Warisan Anregurutta bukan hanya lembaga dan kitab, tapi spirit untuk menjaga hubungan antara ilmu, iman, dan kemanusiaan. Dan semangat itulah yang semestinya kita teruskan; di rumah, di madrasah, di kampus, dan di tengah masyarakat.
Membumikan Al-Qur’an tidak hanya berarti membaca dan menghafalnya, tetapi juga menghidupkan nilainya dalam kehidupan: dalam kejujuran seorang guru, dalam kesabaran seorang santri, dalam ketulusan seorang abdi negara. Karena pada akhirnya, pendidikan yang sejati adalah pendidikan yang menumbuhkan cinta kepada Allah, kasih kepada sesama, dan penghormatan kepada ilmu.
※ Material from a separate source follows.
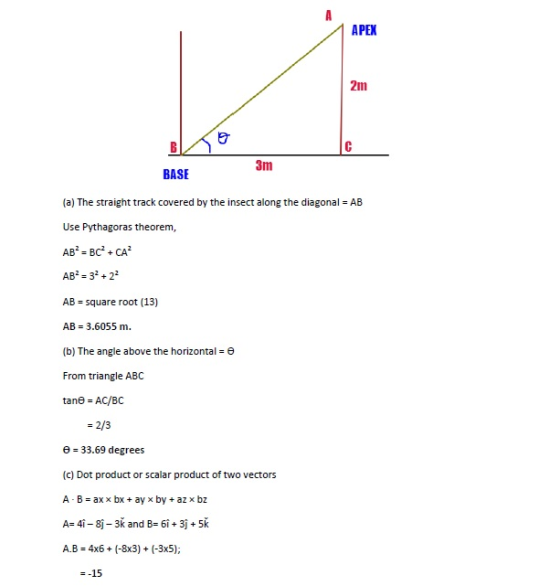 APEX 2m 3m BASE (a) The straight track covered by the insect along the diagonal AB = Use Pythagoras theorem, AB2- BC+CA AB2-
Semoga kita semua, dalam peran kecil maupun besar, dapat melanjutkan langkah-langkah Anregurutta; menyemai ilmu dengan keikhlasan, menebar kebaikan dengan kesantunan, dan menjadikan bahasa Arab bukan sekadar bahasa langit, tetapi bahasa yang hidup dalam hati umat dan bumi tempat kita berpijak.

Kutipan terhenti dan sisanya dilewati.